Hay niños que se sienten prisioneros en los centros educativos, niños que añoran otra forma de libertad.
Parece que, para nuestros gobernantes, las notas fueran la única vara de medir el esfuerzo y la valía personal. Pues bien, sostengo que con este discurso estamos sólo sembrando más fracaso, personal y escolar. Más chicos que se irán autoexcluyendo del sistema, con tristeza y con rabia hacia una sociedad que ha convertido sus dificultades en la marca de una derrota, que no les ha dedicado atención (fijémonos en la reducción del número de profesores y de clases de apoyo), que les ha culpabilizado, que les ha hecho volverse contra sí mismos.
Vicente Aleixandre, otro gran poeta, recuerda así el camino que le llevaba al colegio:
Un viento barría los sombreros de las viejas señoras.
No se hería en los apacibles bastones de los caballeros.
Y encendía como una rosa de ilusión, y apenas de beso, en las mejillas de los inocentes.

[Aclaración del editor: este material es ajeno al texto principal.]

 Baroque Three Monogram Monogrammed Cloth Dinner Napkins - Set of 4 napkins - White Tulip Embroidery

Los árboles en hilera era un vapor inmóvil, delicadamente
suspenso bajo el azul. Y yo casi ya por el aire,
yo apresurado bajaba en mi bicicleta y me sonreía…
y recuerdo perfectamente
cómo misteriosamente plegaba mis alas en el umbral mismo del colegio.

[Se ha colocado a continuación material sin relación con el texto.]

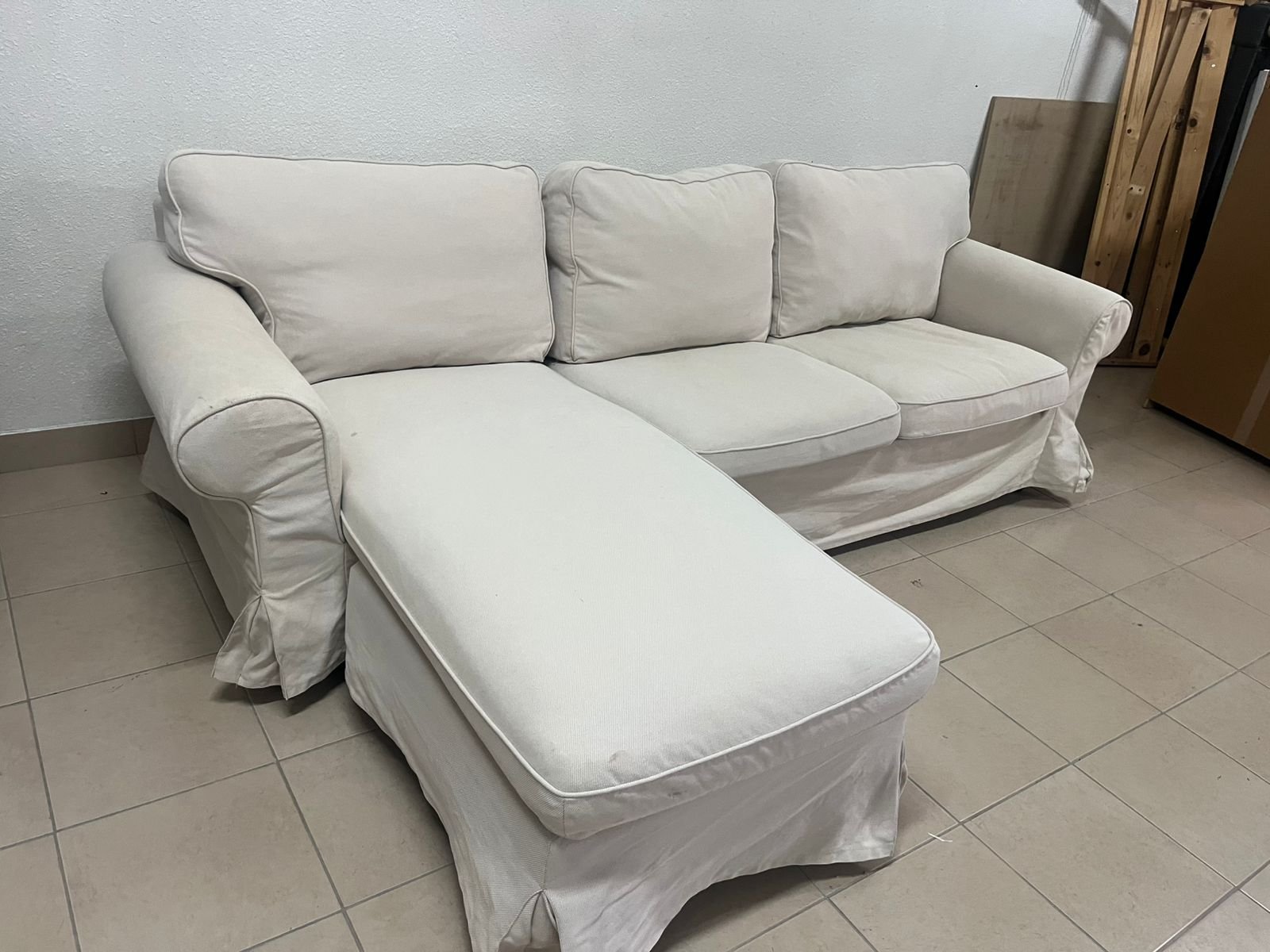IKEA three-seater sofa with a beige chaise lounge from IKEA - Image 9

Quizá, al final, lo más esencial que saque un niño de su paso por el colegio sea un recorrido en bicicleta, la luz que entraba oblicua por la ventana, las palabras de un profesor inspirado, un momento de intimidad con sus compañeros, o la fantasía de salir volando por la ventana. No es posible saberlo, quizá ni siquiera ese niño lo sepa. Los profesores deberíamos intentar que ninguno se sintiera prisionero, como Rafael Alberti, y que todos pudieran, ya dentro, abrir y cerrar sus alas. Pero esto es demasiado sutil para quienes nos gobiernan. Y no lo sabe nadie que no haya pasado muchas horas en un colegio, es decir, nadie que no siga en contacto con el niño y el adolescente que fue. Y no se mide en ninguna prueba. A veces son momentos que pasan desapercibidos. Tenemos que estar todos muy atentos y tratar de cuidarlos.